In practice, in such situations, you add synchronization logic at the application level, or create a separate read-only replica and manage it separately. There's no right answer; you have to judge based on the situation.
While studying normalization, I had a moment where I realized "this is what it all comes down to." The essence of normalization is "don't store the same information twice." Every piece of information should exist in exactly one place. Then when you modify it, you only fix one place, and data integrity is automatically maintained.
1NF, 2NF, 3NF each eliminate different types of duplication.
They all aim for the same goal: "One fact in one place." After accepting this principle, database design became much clearer for me.

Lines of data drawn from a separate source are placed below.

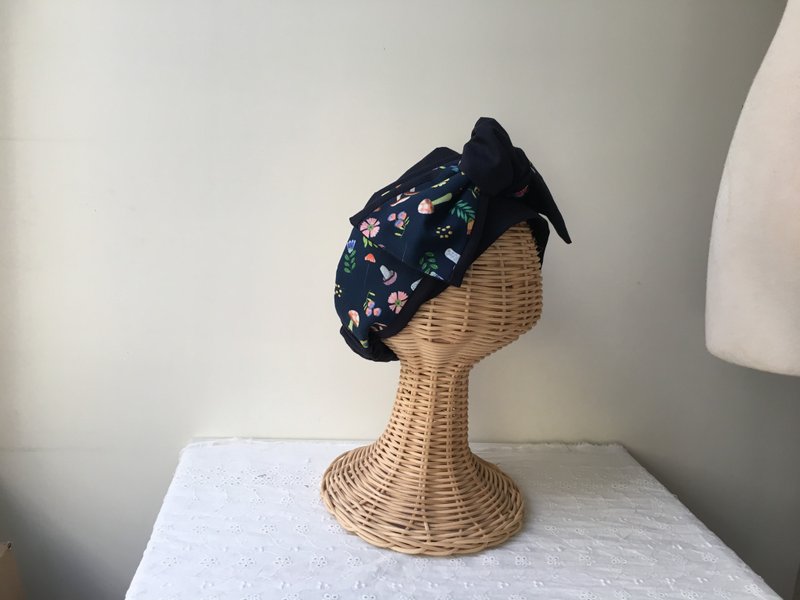 森林の花と菇-日式綁帶髮帶ヘアバンド - 髮箍/髮帶 - 棉．麻 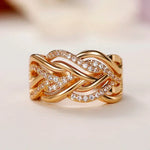 8-shaped Women Rings with CZ Stone Twist Design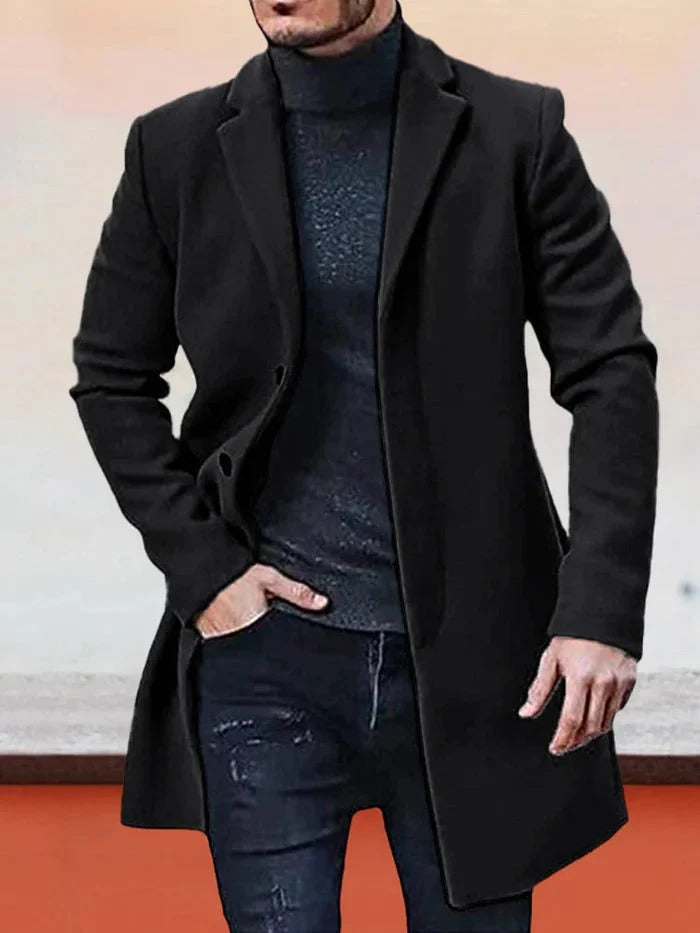 Men's Coat with Structured Fit and Elegant Lapels | L&S - 1 - London-stylehouse.com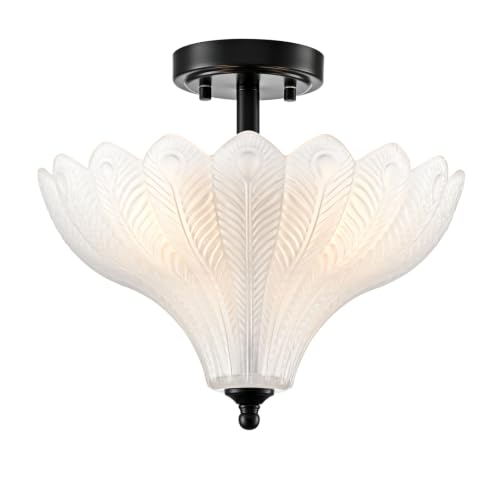 Glass Ceiling Light Semi Flush Mount Textured Glass Shade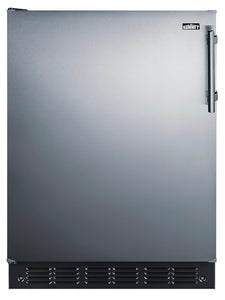 Summit FF708BL7SSLHD 24” Wide Under Counter Refrigerator 5.1 cu.ft. Made in Europe with Automatic Defrost Operation, Reversible Stainless-Steel Door, and Deluxe black interior (Left Hand Door)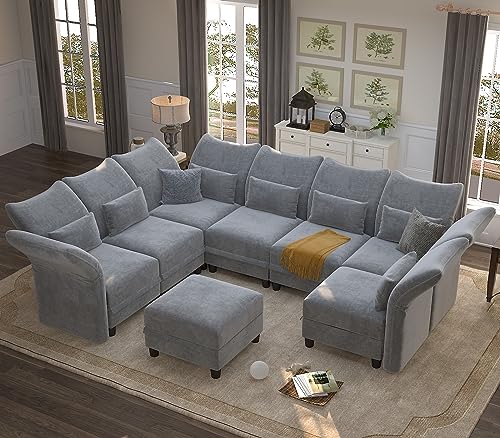 LLappuil Chenille Large Sectional Sofa 8 Seats U Shaped Modular Sofa with Storage Chaise, Adjustable Backrest, Modular Sectional Couches Sleeper for Living Room, Grey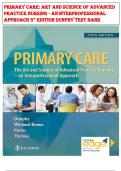 Primary Care: Art and Science of Advanced  Practice Nursing - An Interprofessional  Approach 5th  edition Dunphy Test Bank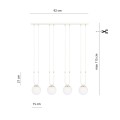 Lampa wisząca GLAM 4 WHITE/OPAL 1115/4 EMIBIG
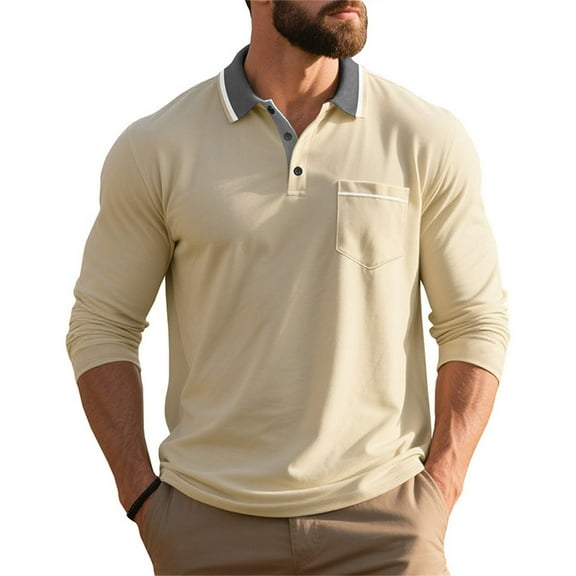 Rggeeun Men's Long Sleeve Polo Shirts Male Light Fashionable Casual Loose Fitting Large Sized Lapel And Pocket Shirt Tops Fashion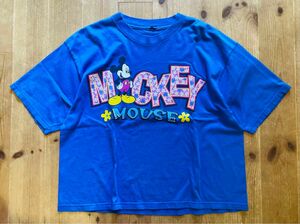 Mickey ミッキー 90s Tシャツ ディズニー 青 マウス 花柄 レア 古着 ヴィンテージ USA製 ミッキーマウス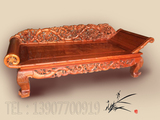 缅甸花梨木雕竹节独板加厚贵妃床躺椅沙发 大果紫檀 单人沙发床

When pondering "where should I store this information?", asking "what does this information depend on?" gave me the answer.
Customer name depends on customer ID → Customers table.

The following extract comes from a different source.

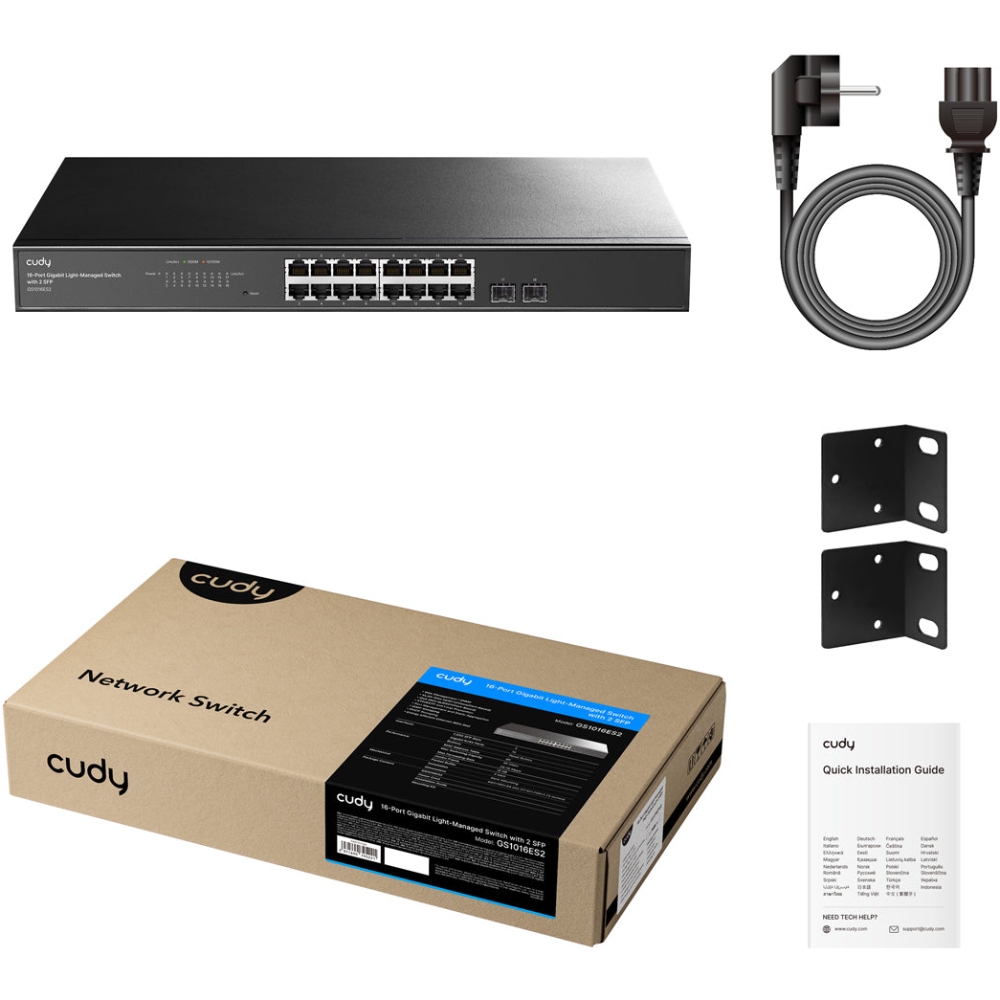 Комутатор Cudy GS1016ES2, 16-Port Gigabit Light-Managed Switch with 2SFP (GS1016ES2) на малюнкі №3
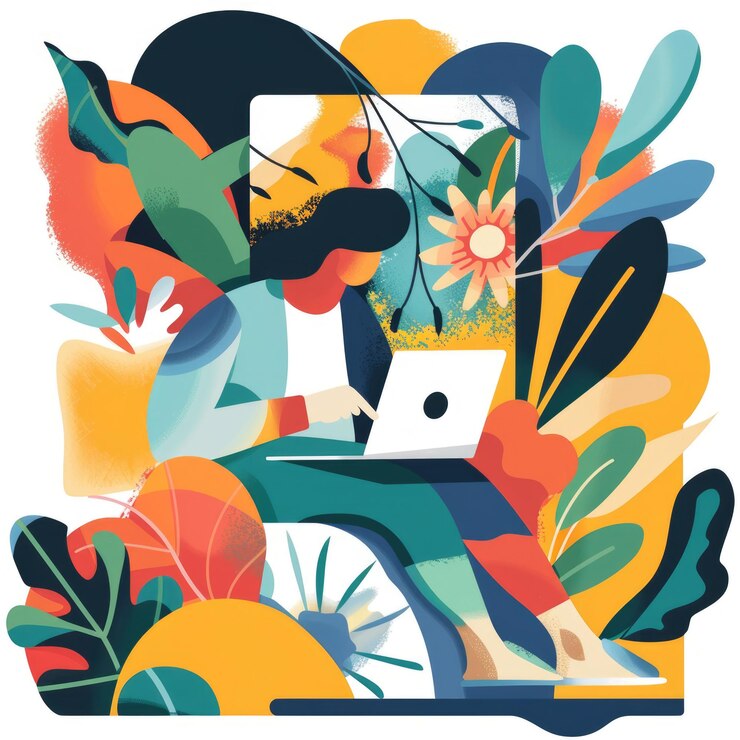 Photo portrait of illustrations for modern workplace success teamwork leadership creativity innovation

Product price depends on product ID → Products table.
Grade depends on the combination of student ID and course ID → Enrollment table.
Thinking this way, table design naturally organized itself.
Normalization gave me the realization that "a database is not Excel." In Excel, you put all information in one sheet and manage it with filters and sorting. But databases are different. Relational databases should be designed around "relationships." Each entity exists independently and is connected by foreign keys.
Through normalization, I understood why anomalies occur and how to prevent them. 1NF is the foundation of relational databases, and 2NF and 3NF are methods to systematically eliminate duplication. Denormalization is a technique to intentionally allow duplication for performance, and you must consider the tradeoff between reads and writes.
In practice, you don't always normalize to 3NF. Depending on the situation, you might stop at 2NF, or apply denormalization to some tables. What's important is being able to explain "why I designed it this way." If you know normalization principles, you can break them with justification when you do.
Going forward, whenever I design a database, I'll always think about anomalies first. "Will there be problems when adding/modifying/deleting data in this structure?" If I can answer this question, the design is good.